Heretofore, there have been known fuel cells for use in a stack which utilize an aqueous solution of electrolyte. In such a fuel cell, a unit cell comprises a porous matrix holding the aqueous solution of electrolyte and two porous layers forming each either an anode or a cathode. The porous layers carry catalysts which form two catalyst layers to be in contact with the matrix. Reactant gases diffuse through the porous layers and react electrochemically in the catalyst layers: thus, a three phase gas-catalyst (solid)-electrolyte (liquid) reaction may occur.
These unit cells are separated from one another by a layer of gas impermeable compact material, so that a fuel gas and an oxidizing gas utilized as reactant gases may not be mixed. The constituent elements of such a unit cell are made of corrosion resistant materials, such as carbonaceous materials and corrosion resistant alloys, which can endure the severe operational environment of the fuel cell, for example, acids, alkalies, relatively high temperatures or the like, and which are good conductors of electricity and heat. A fuel cell may be made by stacking several tens to hundreds of such unit cells so that a predetermined voltage and current may be obtained.
Recently, the development of fuel cells and related systems thereof have been demanded for a generator of clean energy or for a freely openable and closable generator to be utilized in the leveling of operations of thermoelectric or hydroelectric power plants or the saving of resources by improving the efficiency of energy.
Substrates of a fuel cell in a stack may be classified into two groups, namely, monopolar and bipolar, depending on the nature and kinds of gas impermeable layers for preventing the mixing of reactant gases and of porous layers as gas diffusion layers.
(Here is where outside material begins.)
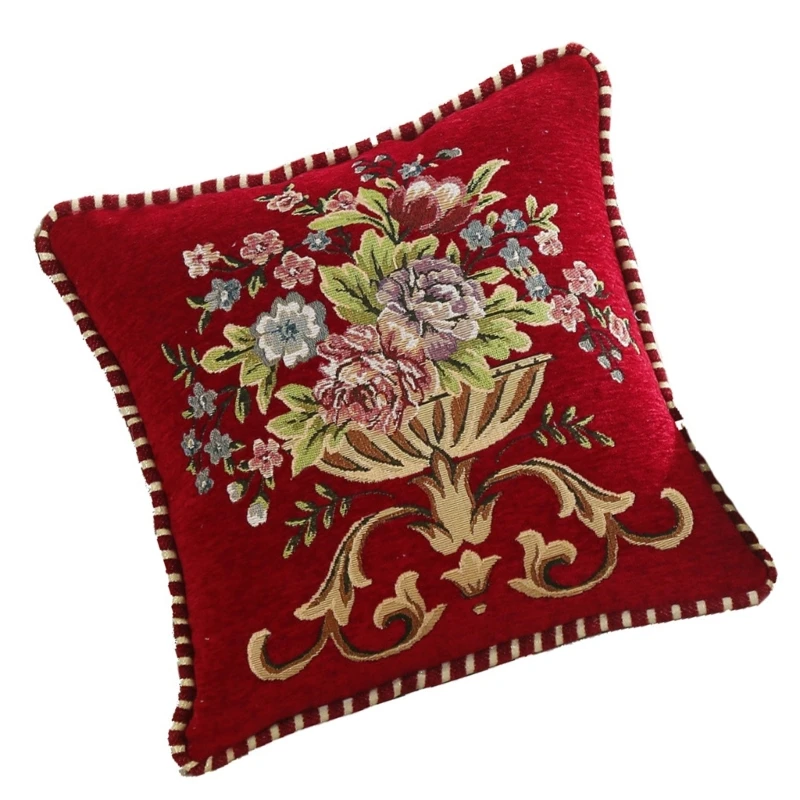 D0AD Embroidery Cushions Case Durability Pillowcase Easily Care Feel Christmas Decors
Bipolar-type electrode substrates comprise a gas impermeable layer and two gas diffusion layers, both of which are integrated with said impermeable layer by adhesion or coupling. Therefore, the thickness of a stack comprising numbers of unit cells can be smaller and, additionally, both electric and thermal contact resistances between the layers can be significantly reduced. Moreover, the mechanical strengths of the stack as well as of the electrode substrate may be markedly higher. Thus, bipolar electrode substrates may be more advantageous to an improvement of the performance of a fuel cell and to compactness of a device, as compared with monopolar electrode substrates.
Bipolar electrode substrates for fuel cells comprising a separator provided with channels for reactant gases are known, wherein the channels are made by ribbing both surfaces of an gas impermeable carbonaceous thin plate.
The present inventors have provided an electrode substrate based on short carbon fibers and having excellent properties, this substrate being provided with channels for reactant gases near the center of a porous carbonaceous layer as a gas diffusion layer. The substrate may be prepared by press molding and heat treatment which are easier than mechanical processes such as ribbing and boring. See Japanese Patent Application Laying Open No. 68170/84.
In the course of preparation of such an electrode substrate, a porous carbonaceous layer having desirable open pores can be obtained by utilizing short carbon fibers as a base material, a binder of thermosetting resin having a specific carbonizing yield, and a pore regulator having a specified particle size and decomposing thermally at a temperature higher than the molding temperature. However, during the calcination process of a shaped article, the exfoliation of a porous carbonaceous layer from a gas impermeable layer (a dense carbonaceous layer) may inevitably take place, and in particular, such exfoliation may result in a low yield in the manufacture of large substrates in spite of an improved planning of the temperature-increasing procedure. Thus, a further improvement of preparation of electrode substrates has been required.